Но тогда, в 60-х годах, этот молодой литератор не посмел бы давать ход своему смешному и антипатичному юдофобству. Тогда этого совсем не было в воздухе; а мой журнал отличался, напротив, самым широким отношением к полякам и ко всем вообще инородцам и жителям окраин.
Евреев было тогда еще очень мало в журналах и газетах. Их всех можно бы было пересчитать по пальцам.
Кажется, П. И. Вейнберг направил ко мне весьма курьезного еврея, некоего Оренштейна, которому я сам сочинил псевдоним «Семен Роговиков» — перевод его немецкой фамилии. Он был преисполнен желания писать «о матерьях важных», имел некоторую начитанность по-немецки и весьма либеральный образ мыслей и долго все возился с Гервинусом, начиная о нем статьи и не кончая их.

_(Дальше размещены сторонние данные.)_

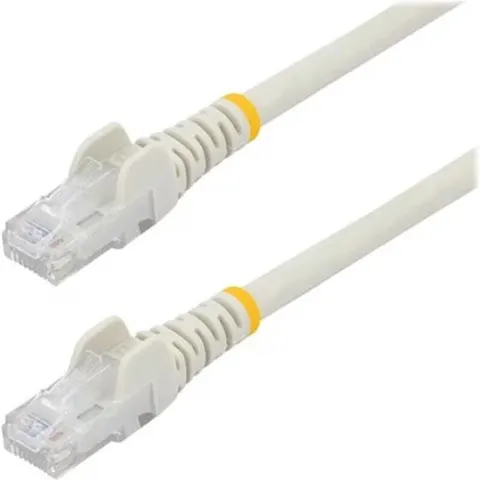 StarTech.com Cable de Red Ethernet Cat6 Snagless de 1m Blanco - Cable Patch RJ45 UTP, RJ-45, RJ-45 – imagen 3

Он все почти время моего редакторства состоял при «Библиотеке» ходил в нее ежедневно с всевозможными проектами — и статей, и разных денежных комбинаций, говорил много, горячо, как-то захлебываясь, с сильным еврейским прононсом. И всегда он был без копейки, брал авансы, правда по мелочам, и даже одно время обшивался на счет редакции у моего портного.
Эту подробность проведали другие сотрудники, и она перешла в анекдот следующих генераций.
«Семен Роговиков» видался часто с Вейнбергом и, приходя в мой кабинет или в редакционную, где стояли шкапы и большой стол, на котором правились корректуры, неизменно начинал свои ламентации фразой:
— Положение Петра Исаича (Вейнберга) — не блестящее; но мое положение — ужасное!
Или переставлял половины этой фразы и говорил с той же жалостной миной:
— Мое положение — не блестящее; но положение Петра Исаича — ужасное.
А тогдашнее положение П. И. Вейнберга было действительно «не блестящее». Издательство «Века» наделило его большим долгом; он как-то сразу растерял и работу в журналах; а женитьба наградила его детьми, и надо было чем-нибудь их поддерживать.
Тогда-то он и был вынужден поступить на службу столоначальником в военное министерство и бился до назначения его в Варшаву профессором в главную школу, потом в университет, и получения места редактора «Варшавского дневника» с хорошим окладом и огромной казенной квартирой. Но это случилось уже к 70-му году.
Пикантно и то, что два «нововременца» начинали также в «Библиотеке для чтения», один почти исключительно, а другой отчасти.
Это были М. П. Федоров и Буренин.
Бывший впоследствии ответственным редактором «Нового времени», Федоров (которого все звали «Эм-пе-фё») перешел в «Библиотеку» с самой своей первой статейки о французском театре и продолжал давать некоторое время отчеты и при мне.
С ним я был в личном знакомстве и через него сходился тогда (кажется, и до своего редакторства) с братьями Краевскими, сыновьями Андрея Александровича, и Евгением Утиным — его товарищем по Петербургскому университету.